El Khroub (Amazigh: ⵍⵅⵔⵓⴱ, الخروب) is a town and commune in Constantine Province, Algeria. According to the 2008 census it has a population of 179,033. it is a city in eastern Algeria, located a few kilometers from the city of Constantine. El Khroub is known for its archaeological site housing the tomb of Massinissa, around which a new city of the same name (Massinissa) was built.

==Demographics==
El Khroub is the second most populous commune in the wilaya of Constantine after Constantine, according to the 2008 general population and housing census, the population of the commune is estimated at 179,033 inhabitants compared to 14,962 in 1977, it is the commune of the wilaya of Constantine that recorded the highest annual growth rate (7.3% compared to 1.5% for the wilaya as a whole), over the period 2008-1998.

== History ==

10 km east of the city, on the National Road 20, there is the site of Bou Nouara known for its dolmens.

== Localities ==
In addition to its capital El Khroub-ville, the commune of El Khroub was composed at its creation in 1984 of the following localities: Lambièche, Dahbia, Kassandji, Salah Derradji, Baaraouia, Aïn Nahas, Aïn Leghda, Sidi Amor, Oullaza, Oued Hamim, Massine, Sidi Lakhdar, El Meridj, Draa Naga, Aïn Guerfa, Bouragba, Atfa, Sedjar, Legiuari, Zbir, Soumaâ, Guechguèche Ouest, Ferme Chibani, Chaabet El Khourchef, Tikbab, Bir Dekkiche, Kadri Farm, Aïn Berda, Medalssou, Aïn Nachfa, Boulechfar Farm, Aïn Kahla.

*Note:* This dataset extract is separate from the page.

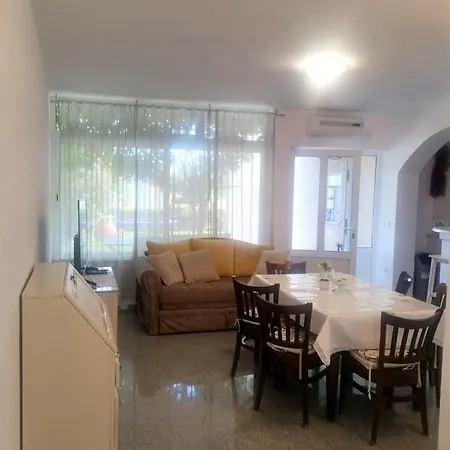 32706 - Radmila Apartmán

Currently, the commune is composed of the capital agglomeration, El Khroub-ville, the secondary agglomerations of Salah Derradji, Brahmia Brothers, Ali Mendjeli, Oued Hamimine, Chelia, Allouk Abdellah, Aïn N'Hasse, Maoualkia and Darih.

== Economy ==
The city is known for its weekly market, considered the second largest in eastern Algeria after Tadjenanet (wilaya of Mila).

It is also known by the presence of the headquarters of the Imam Zuuhri Library.

== Twin Towns/Cities ==
The city of El Khroub maintains decentralized cooperation relations with:

- France, Mulhouse since 31 May 2000.